**The problem:** Copy out all the lines in the records that include the word "Floral".

------------------------------------------------------------

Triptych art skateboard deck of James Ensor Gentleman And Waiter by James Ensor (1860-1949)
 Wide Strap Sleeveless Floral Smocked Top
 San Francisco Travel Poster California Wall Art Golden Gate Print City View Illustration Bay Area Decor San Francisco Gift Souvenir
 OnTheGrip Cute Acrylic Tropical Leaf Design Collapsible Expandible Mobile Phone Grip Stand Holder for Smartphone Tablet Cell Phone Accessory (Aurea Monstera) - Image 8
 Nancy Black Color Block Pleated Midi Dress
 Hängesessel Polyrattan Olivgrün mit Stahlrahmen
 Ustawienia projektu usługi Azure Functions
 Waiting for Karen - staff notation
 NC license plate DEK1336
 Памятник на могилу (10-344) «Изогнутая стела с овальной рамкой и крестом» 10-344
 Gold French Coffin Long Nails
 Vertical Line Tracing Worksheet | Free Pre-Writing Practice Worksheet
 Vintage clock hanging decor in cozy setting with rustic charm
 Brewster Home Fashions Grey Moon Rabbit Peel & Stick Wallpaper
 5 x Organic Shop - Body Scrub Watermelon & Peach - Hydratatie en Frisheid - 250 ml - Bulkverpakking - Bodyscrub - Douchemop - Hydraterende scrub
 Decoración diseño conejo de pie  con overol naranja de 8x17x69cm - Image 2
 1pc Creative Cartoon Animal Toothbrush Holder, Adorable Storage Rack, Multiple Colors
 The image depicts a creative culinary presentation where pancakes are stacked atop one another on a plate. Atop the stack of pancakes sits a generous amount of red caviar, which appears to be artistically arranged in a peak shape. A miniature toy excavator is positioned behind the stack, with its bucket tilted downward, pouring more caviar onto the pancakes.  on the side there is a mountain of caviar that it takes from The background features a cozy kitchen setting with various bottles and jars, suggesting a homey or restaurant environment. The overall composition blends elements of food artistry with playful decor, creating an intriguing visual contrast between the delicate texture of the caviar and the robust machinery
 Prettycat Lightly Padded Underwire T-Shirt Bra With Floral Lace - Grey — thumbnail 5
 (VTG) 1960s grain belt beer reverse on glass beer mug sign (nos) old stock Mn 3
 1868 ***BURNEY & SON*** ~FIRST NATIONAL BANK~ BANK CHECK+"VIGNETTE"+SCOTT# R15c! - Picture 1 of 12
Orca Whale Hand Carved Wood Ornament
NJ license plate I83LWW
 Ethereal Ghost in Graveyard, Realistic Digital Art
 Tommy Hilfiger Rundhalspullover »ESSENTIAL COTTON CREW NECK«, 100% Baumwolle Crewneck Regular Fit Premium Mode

------------------------------------------------------------

**Output of the exercise:**
 Wide Strap Sleeveless Floral Smocked Top
 Prettycat Lightly Padded Underwire T-Shirt Bra With Floral Lace - Grey — thumbnail 5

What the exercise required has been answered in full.